Numa, também, inventou que tinha conferências noturnas com a deusa Egéria, que lhe
aconselhava a instituição dos sacrifícios e das leis.

(49) – São máximas de Sócrates: É melhor sofrer uma injúria do que fazê-la; a morte não é
um mal; a filosofia consiste em meditar na morte, etc.

(50) – Surgiu uma voragem no Foro de Roma e, consultado o oráculo, este respondeu que a
mesma só se fecharia se se jogasse dentro dela tudo quanto o povo romano tinha de mais
precioso. Cúrcio precipitou-se, então, no abismo, com suas armas e seu cavalo, certo de que
o povo romano nada possuía de mais precioso que as suas armas e a sua bravura.

(51) – Os romanos costumavam divinizar os imperadores defuntos enchendo de palha e de
perfumes uma alta torre, à qual ficava presa uma águia; esta, libertada pelas chamas,
levantava vôo, enquanto um perfume suavíssimo se desprendia do braseiro. O povo
acreditava que se tratasse da alma do príncipe subindo aos céus.
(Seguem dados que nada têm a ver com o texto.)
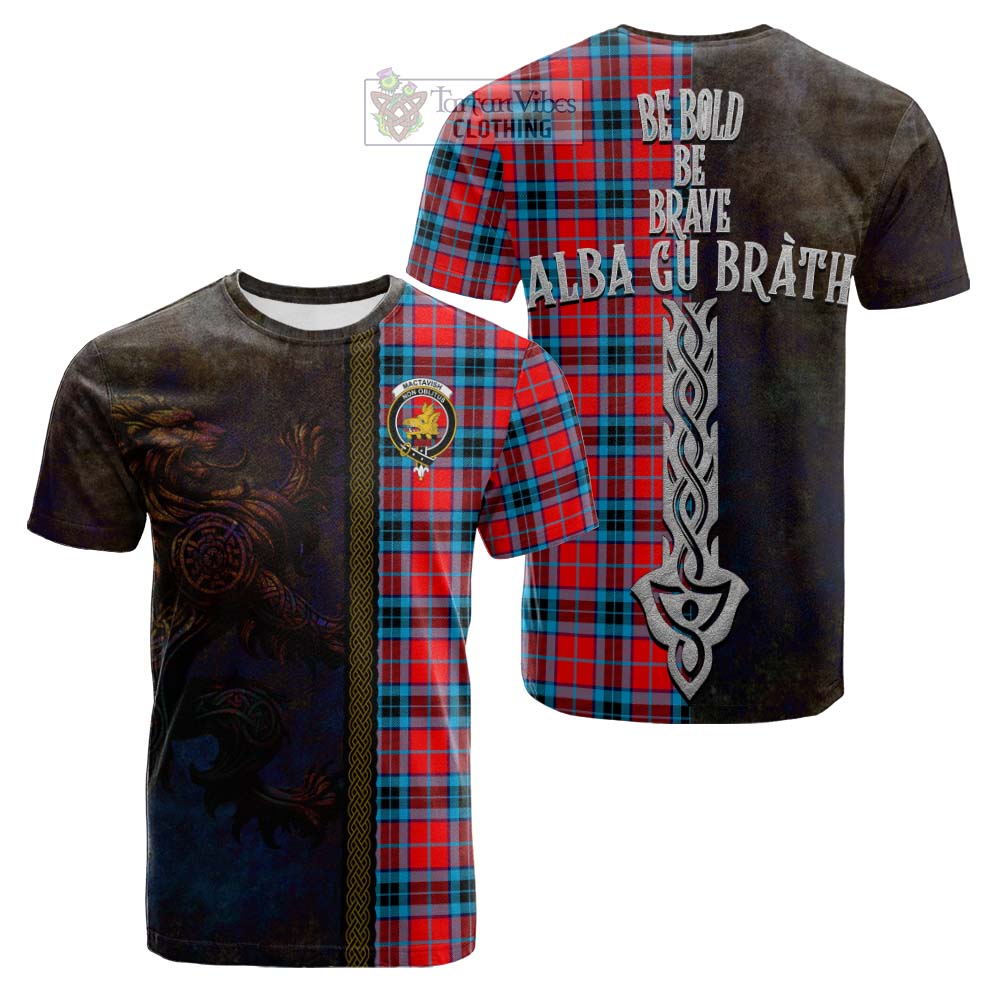 Tartan Vibes Clothing MacTavish (McTavish) Tartan Family Crest Cotton T-shirt Alba Gu Brath Be Brave Lion Ancient Style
(52) – Os Silenos de Alcebíades eram velhos Sátiros. Chamavam-se Silenos porque se
balançavam em torno da encomenda. Também se chamavam assim os que espremiam as
uvas. Conhecido por esse nome foi o preceptor de Baco. Chamavam-se ainda Silenos certas
estátuas ridículas exteriormente, mas que internamente encerravam imagens divinas.
Alcebíades, espirituosamente, comparava Sócrates a essas estátuas, por ser ele deselegante
e grosseiro exteriormene, mas encerrando uma alma divina.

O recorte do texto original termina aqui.